The value of shares in EV maker Canoo, the firm that won $1 million in help from Oklahoma City to locate a plant there and a $15 million promise in aid from the state, has dropped nearly 39% since the firm announced the sale of 50 million discounted shares earlier in the month.
As of Friday, February 24, shares traded at 73 cents, tumbling another 6.97% or $0.05 from the previous day. On Feb. 3, a few days before Canoo hoped to raise $52 million through the discounted shares sale, stock traded at $1.19 and even reached a high on that day of $1.28.
Shares dropped nearly 9% a week after the announcement by the manufacturer that has a plant in Pryor. The announcement on Feb. 6 indicated Canoo offered its common stock at a combined purchase price of $1.05 per share and accompanying warrant. The warrants had an exercise price of $1.30 per share.
Canoo hoped to raise $52.5 million and according to the announcement use the money “for general working capital purposes.” In other words, stay in business.
Oklahoma City Council members voted 5-2 in December 2022 in support of a $1 million economic incentive for Canoo to create a manufacturing plant in the city by taking over the former Terex telehandler plant near I-40 and Morgan road.
What councilwoman Nikki Nice warned at the time might be recalled at Canoo shares continue their downward spiral.
“I don’t have confidence in what they are going to do as far as employment is involved. We’re probably going to be eating our words as this progresses.”

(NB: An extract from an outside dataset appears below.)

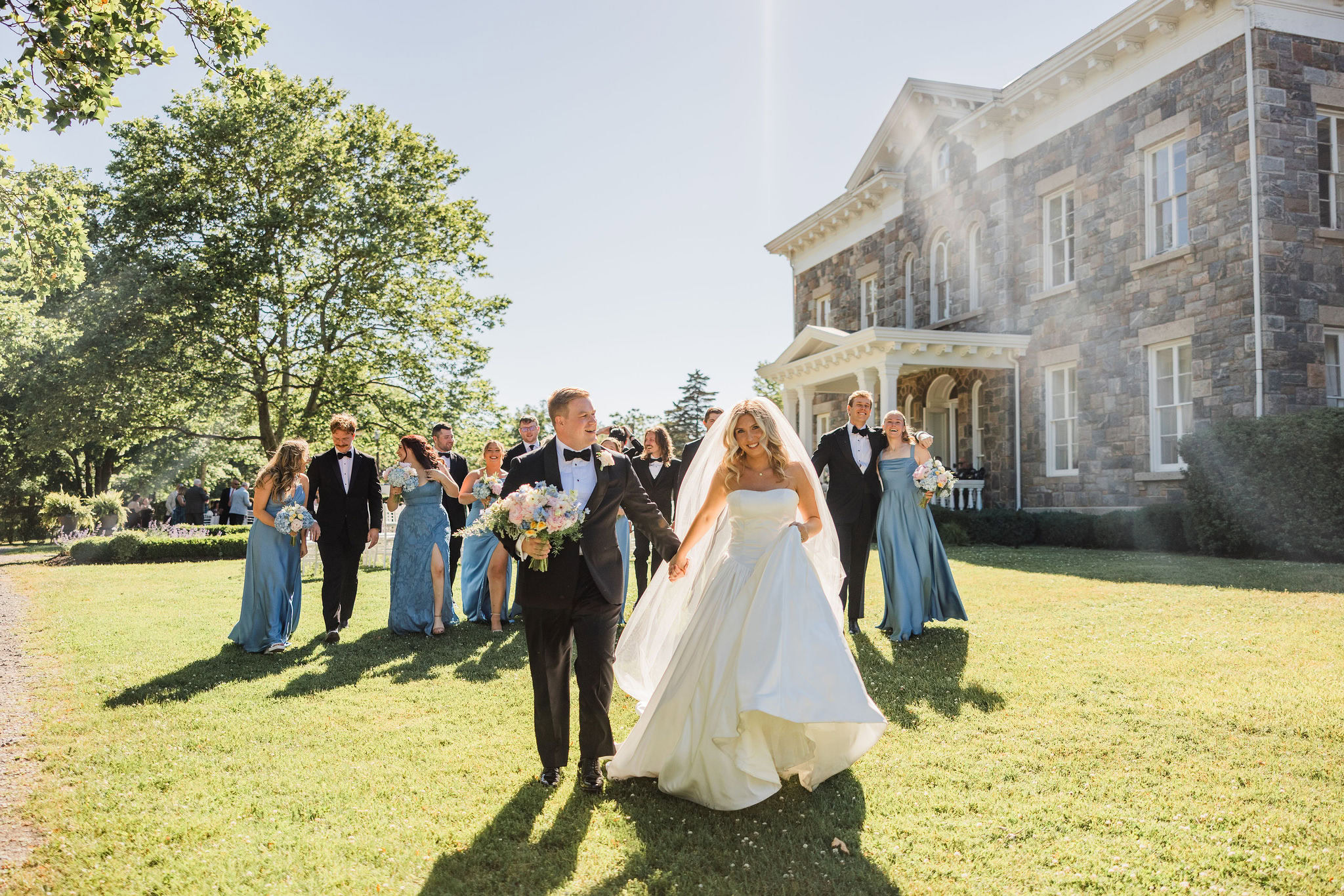 Wedding party walks on the lawn at Brecknock Hall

Canoo promised to create 550 jobs and hoped to begin producing new electric vehicles at the plant early this year. Oklahoma City won’t be out of the $1 million in incentives because under the agreement, it won’t make payments until Canoo starts performing.

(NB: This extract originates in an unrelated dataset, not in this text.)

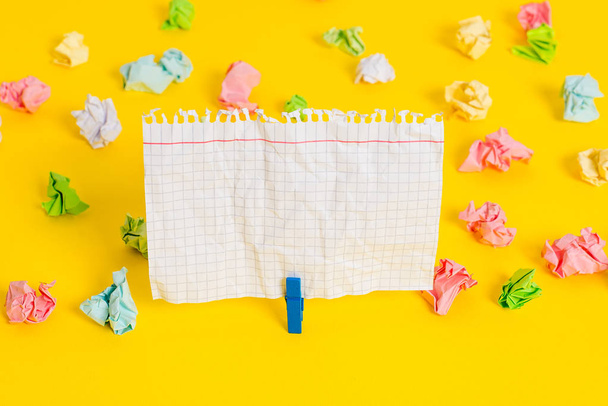 Colored crumpled sheets placed around the empty rectangle square shaped reminder note in the yellow background. Office supplies, blank paper pinned by a fastener. - Fotografie, Obrázek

“—if nothing ever happens, we’ll have expended nothing,” said Mayor David Holt at the time of the approval in December, adding, “But if t he plans are realized, OKC will have gained hundreds of high-paying manufacturing jobs in a growing sector of the modern economy.”

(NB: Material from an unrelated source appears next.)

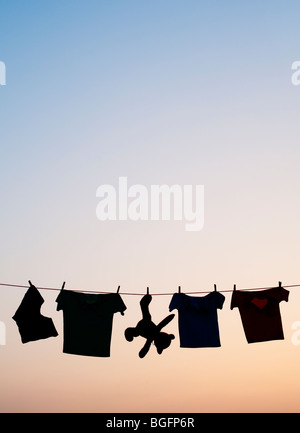 Childrens clothes and teddy bear on a washing line silhouette at dawn. India Stock Photo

The investment by Oklahoma City came after the state of Oklahoma agreed to pay $15 million to Canoo in March 2022 to begin building a new plant in Pryor. Oklahoma also agreed to buy 1,000 of Canoo’s vehicles.
By July of last year, Canoo was behind schedule on construction of the plant in Pryor. A spokesperson for the company said the time, the plans originally called for the plant to be operational in 2023 but the new goal was changed to 2024.